The origins of Khikhvi’s name are unknown and not hypothesized, but it grows widely in eastern Georgia, especially in Kakheti it originated. Most plantings are on the East-Southeast reaches of the province, on the right bank of the Alazani River. The vine sports large leaves, which are three-lobed, circular and almost round. Its medium-sized bunches are conical, winged, and somewhat loose, with medium-sized, greenish-yellow, thin-skinned berries. Budburst occurs in the first half of April and matures in September. An early ripener, it is recommended for higher-altitude, cooler mountain plantings. Along with Mtsvane Kakhuri , Khikhvi is the other Georgian variety most susceptible to powdery mildew, though it is resistant to spider mites.

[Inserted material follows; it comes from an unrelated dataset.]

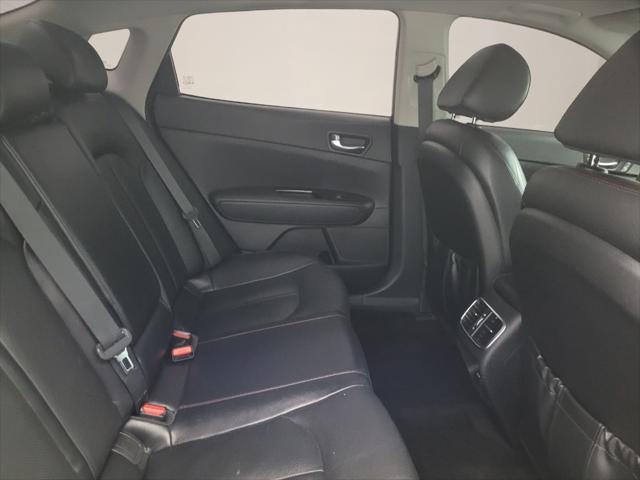 used 2018 Kia Optima car, priced at $19,695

Khikhvi is relatively versatile, as it can be produced in light dry, semi-sweet, sweet, and, as in PDO Kardenakhi, fortified styles. Its aromatic signature is distinctive: floral notes of boxwood and wild flowers heighten broader flavors of ripe yellow fruits and apricot. The light wines appear both in European and qvevri versions; the latter wines accentuate the dried fruit and flower character. With moderate alcohol levels and soft acidity, Khikhvi may stand alone as a single varietal wine, or may contribute high-tones to enhance a blend. It is a grape that deserves greater attention.